● Problem requirements
Everything in the listing below needs restating exactly, apart from the pictures.

● Source material
|---|

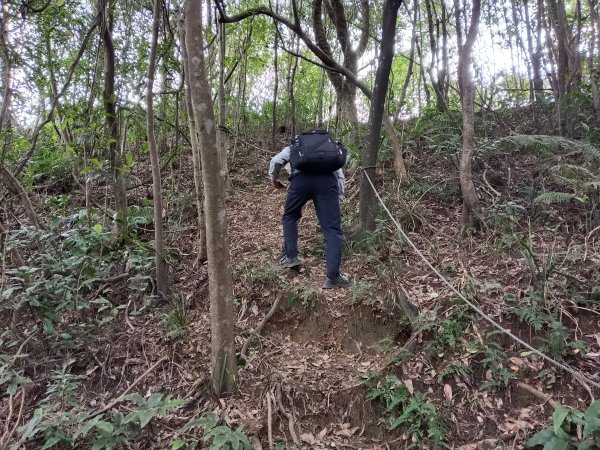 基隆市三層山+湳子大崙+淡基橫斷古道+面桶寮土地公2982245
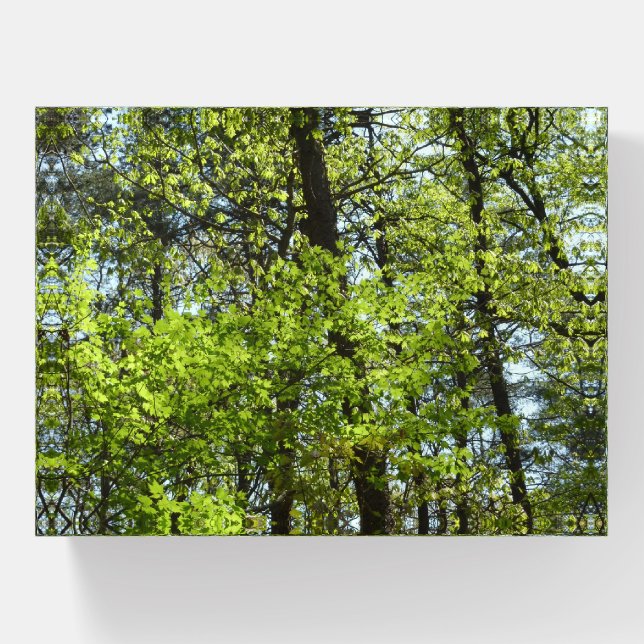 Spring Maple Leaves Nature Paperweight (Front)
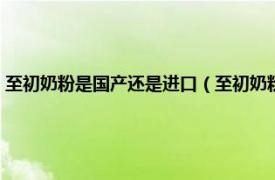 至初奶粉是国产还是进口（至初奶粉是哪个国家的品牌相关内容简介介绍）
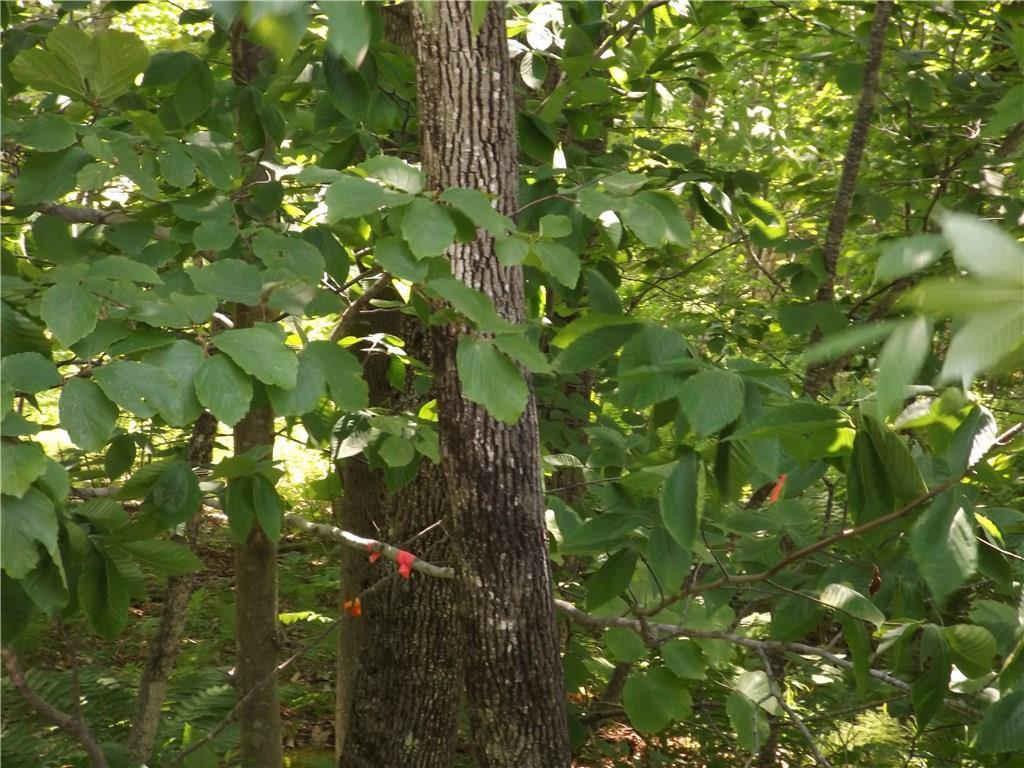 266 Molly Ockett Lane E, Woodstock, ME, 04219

|---|

● Response to this exercise
 基隆市三層山+湳子大崙+淡基橫斷古道+面桶寮土地公2982245
 Spring Maple Leaves Nature Paperweight (Front)
 至初奶粉是国产还是进口（至初奶粉是哪个国家的品牌相关内容简介介绍）
 266 Molly Ockett Lane E, Woodstock, ME, 04219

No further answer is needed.